On 26/04/2017 12:18, Chris Wilson wrote:
> On Wed, Apr 26, 2017 at 11:54:08AM +0100, Tvrtko Ursulin wrote:
>>>>> +/* struct intel_timeline_sync is a layer of a radixtree that maps a u64 fence
>>>>> + * context id to the last u32 fence seqno waited upon from that context.
>>>>> + * Unlike lib/radixtree it uses a parent pointer that allows traversal back to
>>>>> + * the root. This allows us to access the whole tree via a single pointer
>>>>> + * to the most recently used layer. We expect fence contexts to be dense
>>>>> + * and most reuse to be on the same i915_gem_context but on neighbouring
>>>>> + * engines (i.e. on adjacent contexts) and reuse the same leaf, a very
>>>>> + * effective lookup cache. If the new lookup is not on the same leaf, we
>>>>> + * expect it to be on the neighbouring branch.
>>>>> + *
>>>>> + * A leaf holds an array of u32 seqno, and has height 0. The bitmap field
>>>>> + * allows us to store whether a particular seqno is valid (i.e. allows us
>>>>> + * to distinguish unset from 0).
>>>>> + *
>>>>> + * A branch holds an array of layer pointers, and has height > 0, and always
>>>>> + * has at least 2 layers (either branches or leaves) below it.
>>>>> + *
>>>>> + */
>>>>
>>>> @_@ :)
>>>>
>>>> Ok, so a map of u64 to u32. We can't use IDR or radixtree directly
>>>> because of u64 keys. :( How about a hash table? It would be much
>>>> simpler to review. :) Seriously, if it would perform close enough it
>>>> would be a much much simpler implementation.
>>>
>>> You want a resizable hashtable. rht is appallingly slow, so you want a
>>> custom resizeable ht. They are not as simple as this codewise ;)
>>> (Plus a compressed radixtree is part of my plan for scalability
>>> improvements for struct reservation_object.)
>>
>> Why resizable? I was thinking a normal one. If at any given time we
>> have an active set of contexts, or at least lookups are as you say
>> below, to neighbouring contexts, that would mean we are talking
>> about lookups to different hash buckets.  And for the typical
>> working set we would expect many collisions so longer lists in each
>> bucket? So maybe NUM_ENGINES * some typical load constant number
>> buckets would not be that bad?
>
> Consider a long running display server that will accumulate 10,000s of
> thousands of clients in its lifetime, each with their own contents that
> get shared by passing around fences/framebuffers. (Or on a shorter scale
> any of the context stress tests in igt.) Due to the non-recycling of the
> context ids, we can grow to very large tables - but we have no knowledge
> of what contexts are no longer required.
>
> To compensate we need to occasionally prune the sync points. For a ht we
> could just scrap it, For an idr, we could store last use and delete
> stale leaves.

Hm, pruning yes.. but you don't have pruning in this patch either. So 
that's something which needs to be addressed either way.

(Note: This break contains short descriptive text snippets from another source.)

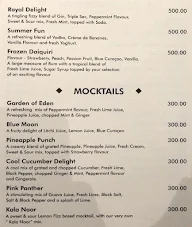 Frontier menu 4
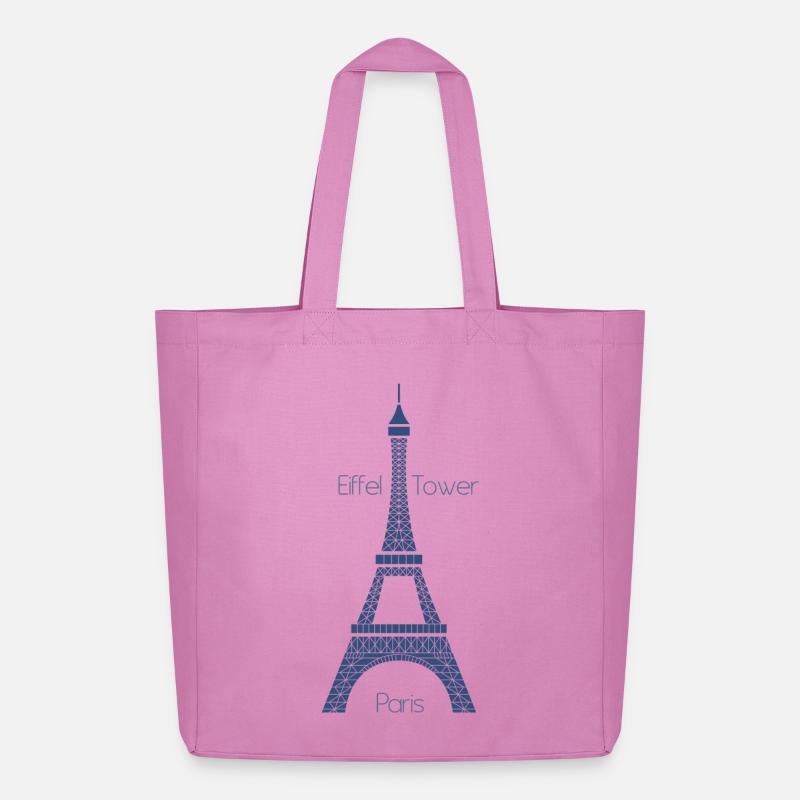 Eiffel Tower - Midweight recycelter Stoffbeutel von Stanley/Stella - Pink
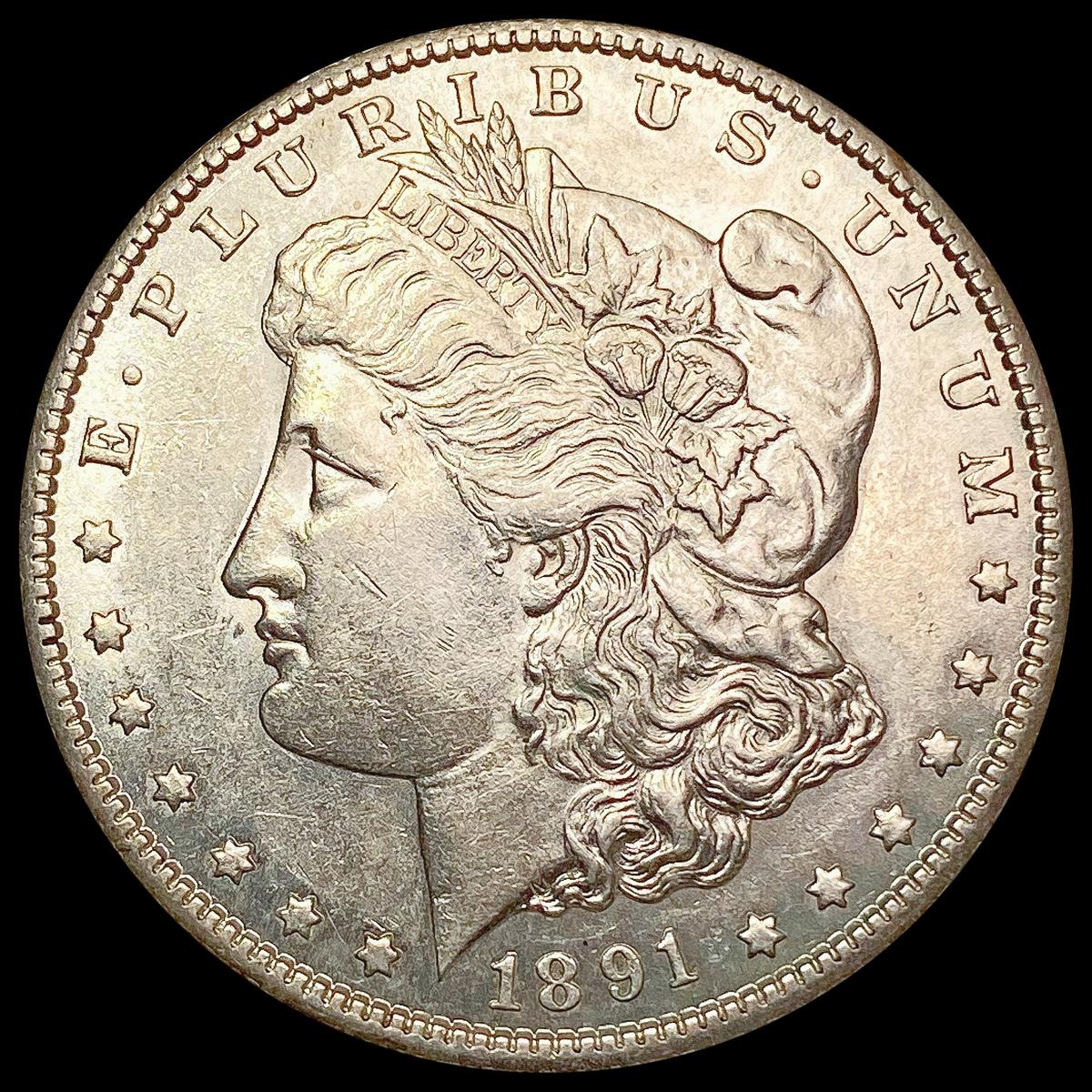 1891-S Morgan Silver Dollar CHOICE AU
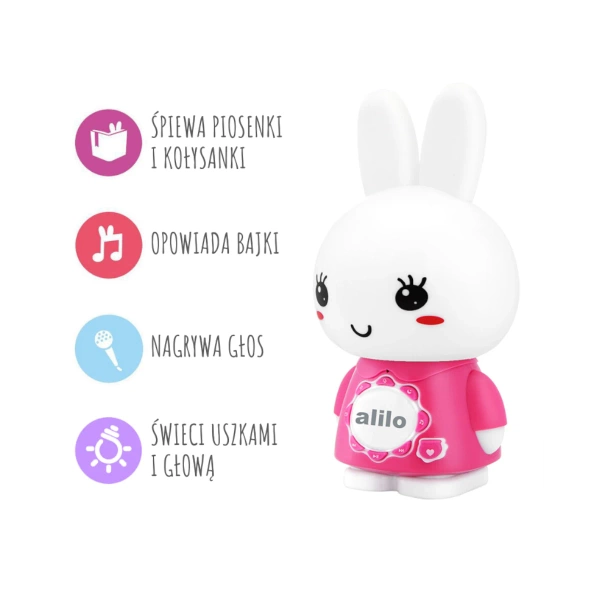 Króliczek Alilo Big Bunny G7C PINK - różowy
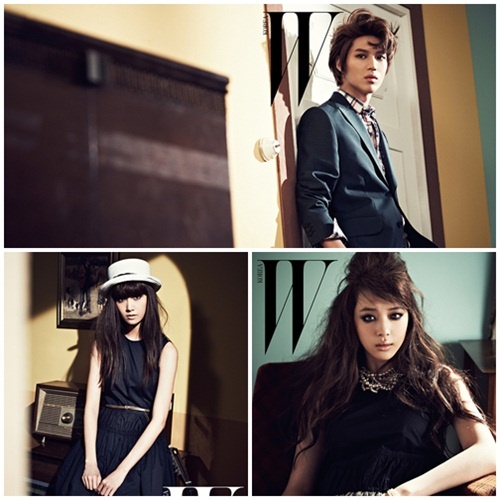 YoonA, Taemin, Sulli, and EXO for W Korea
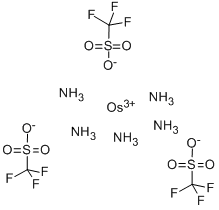 PENTAAMMINE(TRIFLUOROMETHANESULFONATO)OSMIUM(III) TRIFLUOROMETHANESULFONATE Struktur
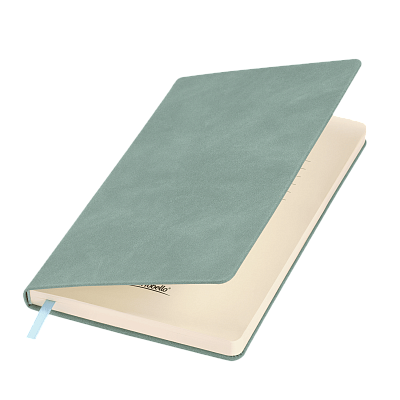 Ежедневник Стелла (Stella) недатированный с магнитом на обложке, бирюзовый (Бирюзовый, бежевый)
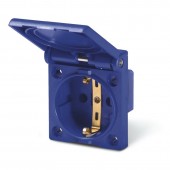 PANEL MOUNTING SCHUKO SOCKET OUTLET 2P+E SCAME 570.2061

> But first we have a question of how many buckets do we give the static
> ht? Most processes will be sharing between 2 contexts (render context,
> presentation context) except for a display server who may have 10-100 of
> clients - and possibly where eliminating repeated syncs is going to be
> most valuable. That suggests 256 buckets for every timeline (assuming
> just a pair of engines across shared contexts). Overkill for the
> majority, and going to be miserable in stress tests.
>
> Finally what do you store in the ht? Fences are the obvious candidate,
> but need reaping. Or you just create a ht for the request and only
> squash repeated fences inside a single request - that doesn't benefit
> from timeline tracking and squashing between requests (but does avoid
> keeping fences around forever). Hence why I went with tracking seqno. To
> avoid allocations for the ht nodes, we could create an open-addressed ht
> with the {context, seqno} embedded in it. It would be efficient, but
> needs online resizing and is a fair chunk of new code.

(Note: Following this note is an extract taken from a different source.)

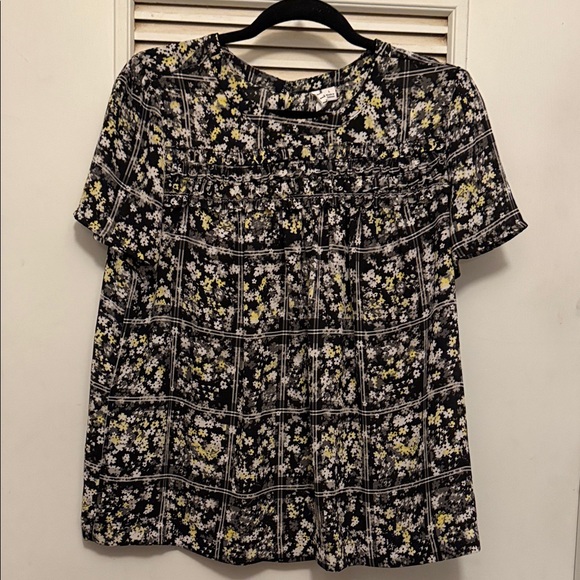 Elle Black and Yellow Floral Blouse - Picture 1 of 3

I was thinking of exactly the same thing as this patch does, u64 context 
id as key, u32 seqnos (wrapped in a container with hlist_node).

Ok, so the key is pruning to keep the display server scenario in check.

Free the key from i915_fence_release?

Regards,

Tvrtko
_______________________________________________
Intel-gfx mailing list
Intel-gfx@lists.freedesktop.org
https://lists.freedesktop.org/mailman/listinfo/intel-gfx

  reply	other threads:[~2017-04-26 12:13 UTC|newest]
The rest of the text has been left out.